'''

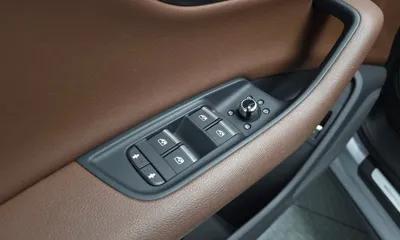 Audi Q7 2019, 46561 км, за 32300000 KRW - фото 29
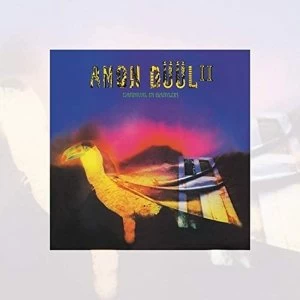 Amon Duul Ii - Carnival In Babylon Vinyl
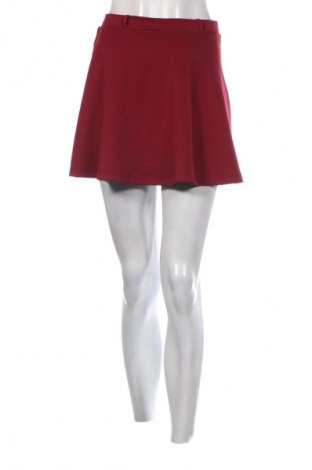 Szoknya Forever 21, Méret S, Szín Piros, Ár 5 469 Ft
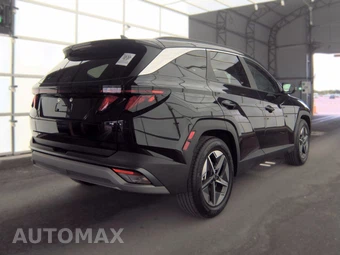 2026 Hyundai Tucson SEL - miniatura 4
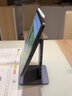 海备思  iPad悬浮磁吸支架平板接口扩展底座air5 Pro桌面拓展旋转铝合金床头支撑架子 iPC10-2H【12.9英寸】带扩展 实拍图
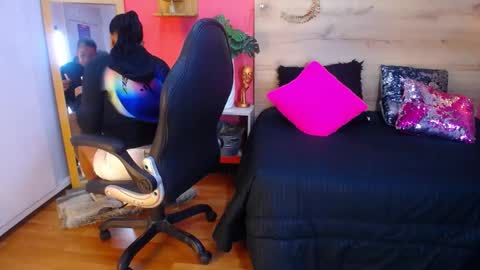 Snapshot of margare_scarlett chatting on January 31, 12:07 pm margare_scarlett online show from January 31, 12:07 pm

'''

*Directions*: Make an exact copy of the listing, with no images in it.

*Answer box*:
 Audi Q7 2019, 46561 км, за 32300000 KRW - фото 29
 Amon Duul Ii - Carnival In Babylon Vinyl
 Szoknya Forever 21, Méret S, Szín Piros, Ár 5 469 Ft
 2026 Hyundai Tucson SEL - miniatura 4
 海备思  iPad悬浮磁吸支架平板接口扩展底座air5 Pro桌面拓展旋转铝合金床头支撑架子 iPC10-2H【12.9英寸】带扩展 实拍图
 Snapshot of margare_scarlett chatting on January 31, 12:07 pm margare_scarlett online show from January 31, 12:07 pm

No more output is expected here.